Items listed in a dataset
-- -- --

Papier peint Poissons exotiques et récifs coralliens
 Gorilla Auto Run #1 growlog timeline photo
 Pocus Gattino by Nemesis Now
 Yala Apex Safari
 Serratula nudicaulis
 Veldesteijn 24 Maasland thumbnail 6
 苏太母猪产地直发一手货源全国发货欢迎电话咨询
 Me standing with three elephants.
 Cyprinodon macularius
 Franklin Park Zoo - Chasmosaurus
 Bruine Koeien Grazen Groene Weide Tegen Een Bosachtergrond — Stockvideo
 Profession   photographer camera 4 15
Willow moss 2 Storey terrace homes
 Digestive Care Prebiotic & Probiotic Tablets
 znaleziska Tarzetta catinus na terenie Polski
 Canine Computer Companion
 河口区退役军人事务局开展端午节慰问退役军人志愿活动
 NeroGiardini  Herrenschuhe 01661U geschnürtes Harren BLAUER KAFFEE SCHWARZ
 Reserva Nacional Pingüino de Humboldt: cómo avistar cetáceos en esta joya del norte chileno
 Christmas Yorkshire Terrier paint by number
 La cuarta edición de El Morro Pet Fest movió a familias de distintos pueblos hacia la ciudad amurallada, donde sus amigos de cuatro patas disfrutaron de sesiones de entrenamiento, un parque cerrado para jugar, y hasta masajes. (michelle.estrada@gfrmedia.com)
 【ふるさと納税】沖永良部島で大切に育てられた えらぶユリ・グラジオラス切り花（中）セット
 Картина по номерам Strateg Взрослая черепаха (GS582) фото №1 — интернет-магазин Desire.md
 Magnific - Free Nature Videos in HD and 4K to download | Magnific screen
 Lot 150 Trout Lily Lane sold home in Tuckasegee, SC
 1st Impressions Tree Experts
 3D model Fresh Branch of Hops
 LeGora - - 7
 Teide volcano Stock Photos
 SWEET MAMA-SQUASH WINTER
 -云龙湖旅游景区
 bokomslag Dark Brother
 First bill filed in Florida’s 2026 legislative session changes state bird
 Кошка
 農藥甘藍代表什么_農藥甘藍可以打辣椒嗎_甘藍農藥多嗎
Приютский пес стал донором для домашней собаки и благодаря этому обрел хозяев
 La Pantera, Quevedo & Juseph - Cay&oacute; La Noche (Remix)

-- -- --

**WORK REQUEST:**
Take the entries above and copy them exactly from the first line through the line with "Digestive Care Prebiotic & Probiotic Tablets"; leave out every line after it.

**PROBLEM SOLUTION:**
Papier peint Poissons exotiques et récifs coralliens
 Gorilla Auto Run #1 growlog timeline photo
 Pocus Gattino by Nemesis Now
 Yala Apex Safari
 Serratula nudicaulis
 Veldesteijn 24 Maasland thumbnail 6
 苏太母猪产地直发一手货源全国发货欢迎电话咨询
 Me standing with three elephants.
 Cyprinodon macularius
 Franklin Park Zoo - Chasmosaurus
 Bruine Koeien Grazen Groene Weide Tegen Een Bosachtergrond — Stockvideo
 Profession   photographer camera 4 15
Willow moss 2 Storey terrace homes
 Digestive Care Prebiotic & Probiotic Tablets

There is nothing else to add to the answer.